Era tutto così strano, così ridicolo, ma quando Natasha Stark lo guardava sentiva davvero le farfalle nello stomaco.
E avevano passato la serata a Central Park, seduti su una panchina come una coppia di anziani. Avevano mangiato qualcosa e poi Steve l’aveva accompagnata a casa. Ancora una volta si era soffermato a guardare le sue mani. Erano così piccole. Sembravano così gracili, ma di questo si era presto ricreduto.
Il giorno dopo aveva passato il pomeriggio in quello che Tasha aveva chiamato il suo santuario, ma che in realtà era solo un’officina ai suoi occhi. C’era un braccio meccanico in un angolo che faceva più danni che altro e Tasha non faceva che insultarlo. Lo aveva costruito lei, gli aveva spiegato. Aveva vinto il primo premio alla gara di progettazione robotica con quel prototipo.
La osservava mentre smontava la sua preziosa moto. Se Bucky avesse scoperto cosa le stava permettendo di fare, lo avrebbe ucciso. Quella moto era preziosa per entrambi, anche se ormai era più lui ad usarla che Bucky. Osservava le mani di Tasha che si muovevano senza difficoltà mentre allentava bulloni e ispezionava con cura tutto quello che toglieva e glielo spiegava a voce alta. Ne sapeva davvero molto più di lui. Ed era solo una ragazzina. Una ragazzina dell’alta società per di più.

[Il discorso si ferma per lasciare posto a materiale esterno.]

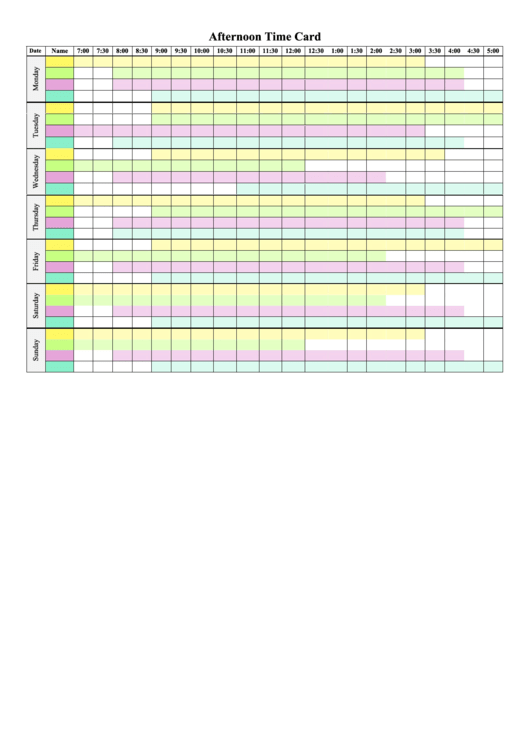 Afternoon Time Card Template - Colored Printable pdf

Le brillavano gli occhi. La osservava o non poteva non notare quanto le piacesse quello che stava facendo. E avrebbe tanto voluto avere con sé il suo blocco da disegno per poterla raffigurare in quel momento.
E quando aveva raccontato ai suoi amici di quel pomeriggio era stata la fine. Per Bucky e Clint quei tre appuntamenti, se così li potevano definire, erano la prova che stavano insieme. Almeno per quanto riguardava lui. Loro due non stavano con nessuno fino a quando le cose non si facevano serie. Clint spesso neanche quando le cose si facevano serie. Bucky aveva trovato Nat. E trovando Nat aveva trovato il suo angolo di paradiso.
“Potresti approfittarne per perdere la verginità.” Gli aveva detto il suo migliore amico mentre facevano la spesa per la grigliata del giorno dopo e Steve gli stava esprimendo i suoi dubbi sul frequentare Natasha Stark. Era tutto così strano e surreale che non riusciva a crederci che stesse succedendo davvero.
“L’ho già persa, Bucky.”
“Ultimo anno di liceo. Con il capo delle cheerleader. Come si chiamava?”
“Kristen. Ma non voglio parlare di Kristen.” Aveva messo una cassa di birra nel carrello. Tasha gli aveva detto di occuparsi del bere. Al resto ci pensava lei. Questo lo preoccupava. “Non so se sia la cosa giusta uscire con Tasha. Ci ha anche invitati a casa sua per domani.”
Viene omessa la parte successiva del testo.